▸ EXERCISE PROMPT:
Would you transcribe the records below from the line with "Icon image Kierkegaard" to the line with "Teachers as State-Builders", ends included, exactly and with nothing more, leaving the pictures out?

***** ENTRIES PROVIDED *****

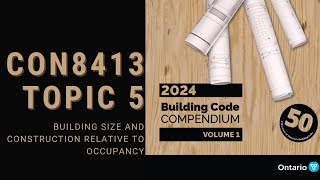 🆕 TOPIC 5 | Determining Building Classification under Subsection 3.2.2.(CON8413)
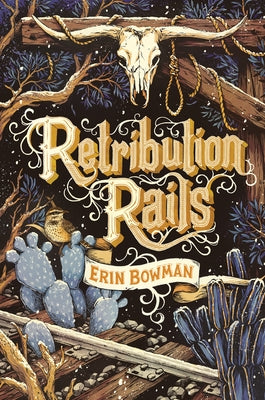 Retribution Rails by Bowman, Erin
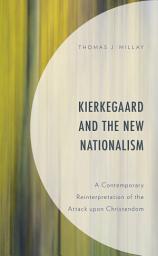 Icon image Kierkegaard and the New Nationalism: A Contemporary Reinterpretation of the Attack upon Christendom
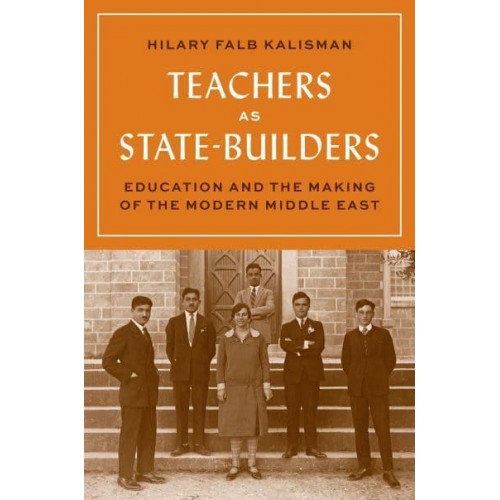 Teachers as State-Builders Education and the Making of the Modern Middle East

*****
***** ENTRIES PROVIDED *****

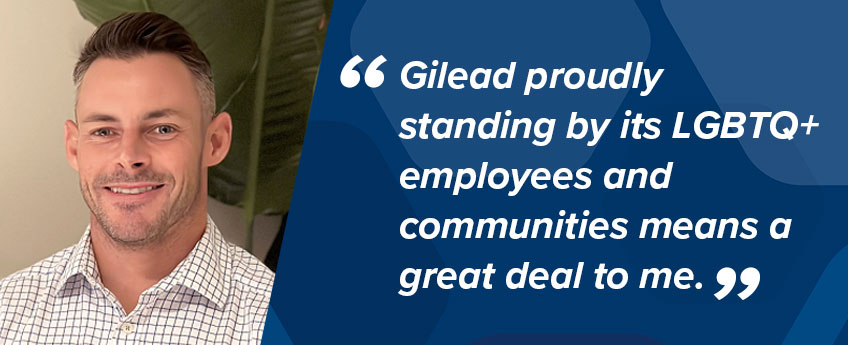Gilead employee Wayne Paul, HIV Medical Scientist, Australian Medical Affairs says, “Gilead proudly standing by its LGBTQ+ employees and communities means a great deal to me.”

*****
***** ENTRIES PROVIDED *****

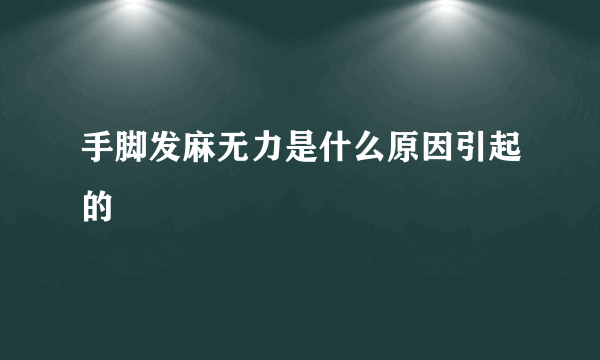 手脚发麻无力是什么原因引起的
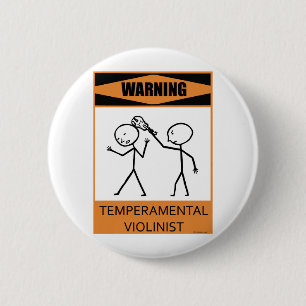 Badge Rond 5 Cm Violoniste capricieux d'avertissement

*****

▸ ANSWER SECTION:
 Icon image Kierkegaard and the New Nationalism: A Contemporary Reinterpretation of the Attack upon Christendom
 Teachers as State-Builders Education and the Making of the Modern Middle East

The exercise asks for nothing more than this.